From: Olli Pettay <Olli.Pettay@helsinki.fi>
Date: Mon, 14 Mar 2011 21:35:58 +0200
To: Robert Brown <Robert.Brown@microsoft.com>
CC: "public-xg-htmlspeech@w3.org" <public-xg-htmlspeech@w3.org>
Message-ID: <4D7E6E1E.6000607@helsinki.fi>
On 03/14/2011 08:43 PM, Robert Brown wrote:
> (I want to separate this feedback from the API design feedback, since
> they feel like different topics).
>
> You already know I disagree with your "v2" notion.  I'll try to
> describe why I feel so strongly about this.  Here are the
> implications I see to a "v1" of everything you've marked as "only in
> v2":
>
> 1.	Each browser manufacturer would have its own proprietary
> interaction with particular speech engines.  I'm predicting this
> would mean: i) Chrome uses Google's cloud service; ii) IE uses
> Microsoft's on-device and cloud service; iii) Firefox and Opera both
> use. I don't know. whatever's already on the device?... a special
> licensing deal they cut with a speech vendor?
>
> 2.	Many speech innovators who have large and successful customer
> bases will be left out in the cold.  Nuance (for example) has a
> thriving business and great brand based on the fact that they have
> world-class technology that their customers buy because it suits
> their application needs better than any other vendor's.  But in the
> scheme proposed here, Nuance is excluded from developing HTML apps,
> and so are their customers.  This damages a lot of users, not to
> mention excludes a lot of world class speech innovation from the web.
> How does Nuance get back into this game?  Build their own browser?
> Sign deals with all the major browser manufacturers?  Whatever the
> answer, it's not good.  Replace the word "Nuance" with any other
> speech vendor, some of whom are also participating in the XG, and
> it's the same story.  If that's not sad enough, imagine a research
> institution or startup.  What are they supposed to do?

How is co-operating with a browser vendor a bad thing?
IBM used to provide speech engines for Opera.

>
> 3.	Take a look at all the popular speech apps on smart phones these
> days.  None of these could be built.  For example: Google&  Microsoft
> have search apps that deliver great results using huge proprietary
> SLMs, too big to download, and with too much secret sauce to want to
> make public.  For example: Siri's virtual assistant (now owned by
> Apple) is very cool, and is powered by Nuance SR using specifically
> modeled SLMs (which I'm pretty sure have enough IP that they don't
> want leaving their secure servers).  There are plenty of other
> examples.  But the point is that none of today's popular mobile
> speech apps can be built with your "v1" feature set.  So what does
> that leave?

This is the reason for v2. As I've said, we could develop v1 and v2
simultaneously, but since v1 would be hopefully simpler, it could
be implemented first (somewhat similarly to XMLHttpRequest v1 and v2).
In this case one reason for v1 API would be to get feedback from
web developers asap.
Also, we need to be able support non-network engines. Otherwise
offline webapps couldn't use any ASR/TTS.
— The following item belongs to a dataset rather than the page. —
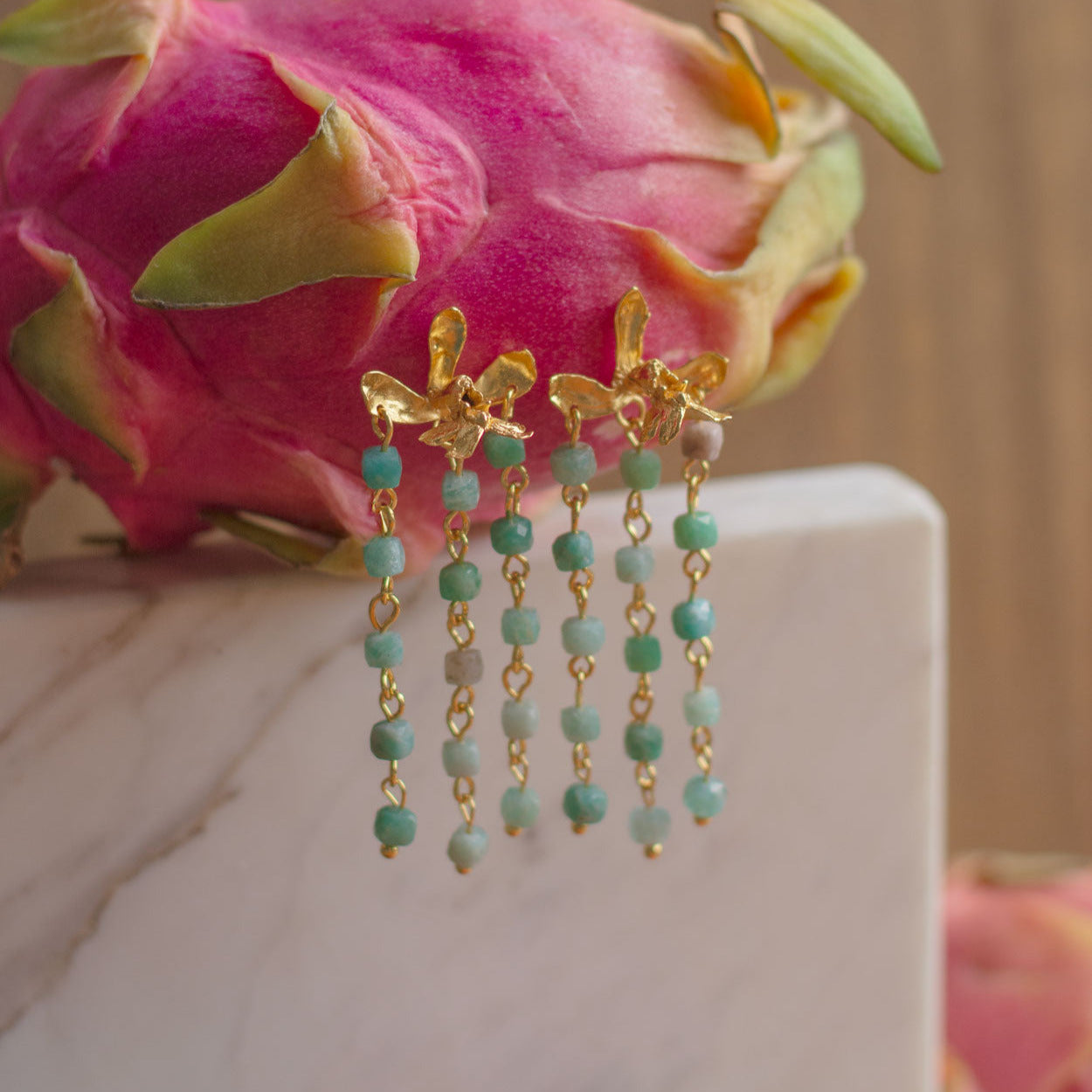 Aretes hechos a mano con orquideas y piedras naturales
I could think of speech vendors to implement also the browser side of
the API. That way even v1 could use their engines - maybe just some
basic version. And then with network speech engines (v2) they could sell
the services to web sites which want to use higher quality engines.
If several speech vendors want to provide default engines, they
could design some API which browsers could internally use and then user
or browser could pick up the engine which happens to work best
for them. Default speech engine selection would become close to
selecting default search engine.

And still to clarify - I'm not against network speech engines.
I just want something to be implemented rather soon to get feedback and
experience with the API. And also to give time for the possible
protocol design (although it is possible that the protocol will be just
something on top of XHR or WebSockets).




>
> This just doesn't feel like an "open" standard to me.


I don't know what is not "open".


-Olli



>
> -----Original Message----- From: public-xg-htmlspeech-request@w3.org
> [mailto:public-xg-htmlspeech-request@w3.org] On Behalf Of Olli
> Pettay Sent: Monday, February 28, 2011 12:38 PM To:
> public-xg-htmlspeech@w3.org Subject: An early draft of a speech API
>
> Hi all,
>
> here is what I had in mind for speech API. The text misses still lots
> of definitions, but I hope it is still somewhat clear how it should
> work. (Getting Firefox 4 done has taken most of my time.)
>
> The main difference to the Google's API is that this isn't based on
> elements, but requests objects.
>
> For TTS we could probably use something close to what Björn just
> proposed.
>
>
>
> -Olli
>
Received on Monday, 14 March 2011 19:36:35 UTC